Why 60/40 Worked for So Long
The one trend that made the 60/40 portfolio successful for so long was the declining interest rates, according to Kernel Wealth CEO Dean Andersen, who noted that the Barclays Aggregate index has returned 7.75% annually. The result was that “[i]nvestors were able to receive 87% of the return they would have received if just investing in shares, but with 45% lower volatility,” Andersen wrote. With interest rates near 0% when inflation is subtracted, “The success of the 60/40 portfolio may have come to an end, with the basic math of the situation being unforgiving.”
So far this year, the 60/40 portfolio is up about 6% as of April, with some financial advisors saying the balanced mix still makes sense as a starting point for many investors, while other money managers point to the advent of alternative investments such as hedge funds, commodities, private equity and inflation-protected assets that can provide additional diversity beyond simply stocks and bonds.

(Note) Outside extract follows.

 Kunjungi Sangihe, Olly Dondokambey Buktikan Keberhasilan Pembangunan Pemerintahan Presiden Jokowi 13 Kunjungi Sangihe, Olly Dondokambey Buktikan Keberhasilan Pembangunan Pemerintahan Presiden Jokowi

“The old 60/40 portfolio did the things that clients wanted, but those two asset classes alone cannot provide that anymore,” Bob Rice, chief investment strategist for Tangent Capital, said at a recent Investment News conference. “It was convenient, it was easy and it’s over. We don’t trust stocks and bonds completely to do the job of providing income, growth, inflation protection and downside protection anymore.”
The Bottom Line
The 60/40 portfolio has been a strong investment strategy and benchmark going back to the 1960s but an abnormal decline in stocks and bonds during 2022 gave the strategy one of its worst results in years. Some advisers defend the long-term viability of the approach while others say it should be updated in the face of new, more flexible investment options that have emerged over the years.